Redmantrappedinbluestate | January 14, 2018 at 3:20 pm

It’s just evolution. Perfectly natural. Nothing to see here, move along.

“Hey, let’s chew on poison because someone on the internet dared us to!”

Social Darwinism at work.

So, are they more or less dangerous than eating live goldfish?

DieJustAsHappy | January 14, 2018 at 4:25 pm

Just NOT the way to experience glad tide-ings.

We need a famine.

Well…at least they die cleaned-up.

OnTheLeftCoast | January 14, 2018 at 4:37 pm

If you use it, time to stock up.

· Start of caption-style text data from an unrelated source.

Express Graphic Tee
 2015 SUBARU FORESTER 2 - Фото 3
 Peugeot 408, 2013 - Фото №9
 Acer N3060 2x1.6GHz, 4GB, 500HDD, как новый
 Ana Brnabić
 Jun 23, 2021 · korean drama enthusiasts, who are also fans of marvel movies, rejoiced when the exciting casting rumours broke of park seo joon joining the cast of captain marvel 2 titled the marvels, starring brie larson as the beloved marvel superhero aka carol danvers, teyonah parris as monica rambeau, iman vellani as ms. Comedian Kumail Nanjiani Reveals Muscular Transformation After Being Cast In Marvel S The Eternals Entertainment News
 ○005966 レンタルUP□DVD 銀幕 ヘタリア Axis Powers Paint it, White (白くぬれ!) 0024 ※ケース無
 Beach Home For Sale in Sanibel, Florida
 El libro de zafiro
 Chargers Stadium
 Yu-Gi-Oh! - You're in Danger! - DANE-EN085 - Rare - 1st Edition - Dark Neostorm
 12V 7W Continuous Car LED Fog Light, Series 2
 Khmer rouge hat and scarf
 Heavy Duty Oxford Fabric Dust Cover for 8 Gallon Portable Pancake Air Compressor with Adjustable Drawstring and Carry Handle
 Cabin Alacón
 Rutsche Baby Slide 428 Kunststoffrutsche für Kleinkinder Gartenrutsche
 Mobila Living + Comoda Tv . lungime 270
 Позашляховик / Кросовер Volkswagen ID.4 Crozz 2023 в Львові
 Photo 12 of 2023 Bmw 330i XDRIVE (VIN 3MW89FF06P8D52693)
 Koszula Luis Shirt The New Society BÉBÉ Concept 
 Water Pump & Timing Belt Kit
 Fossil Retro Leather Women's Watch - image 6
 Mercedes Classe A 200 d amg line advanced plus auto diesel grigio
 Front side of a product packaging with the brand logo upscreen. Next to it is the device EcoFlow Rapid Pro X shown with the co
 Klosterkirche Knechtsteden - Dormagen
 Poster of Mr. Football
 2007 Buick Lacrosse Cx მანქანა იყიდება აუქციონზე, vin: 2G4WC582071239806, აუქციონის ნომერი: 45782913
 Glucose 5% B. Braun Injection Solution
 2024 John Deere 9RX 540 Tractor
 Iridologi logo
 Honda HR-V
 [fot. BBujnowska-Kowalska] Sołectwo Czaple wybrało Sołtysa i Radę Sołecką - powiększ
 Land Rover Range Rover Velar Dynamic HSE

The new, teen-fad safe Tide won’t work as well.

I prefer the Walmart brand of laundry detergent pods…they are much cheaper….And…taste better!!!

Some call it a dangerous stunt.

Some call it natural selection.

Grade school graduates of the Paste Eaters Club.

Yes, but, what we really want to know is, what is Proctor and Gamble’s liability if a teen gets sick from doing this? Will they be found negligent if they did not explicitly state on the product’s package that it’s not for internal consumption?

Stupid parents, a Marxist education system, and no discipline — we’re producing a nation of idiots. They need to find something more toxic — soap pods won’t cure the problem.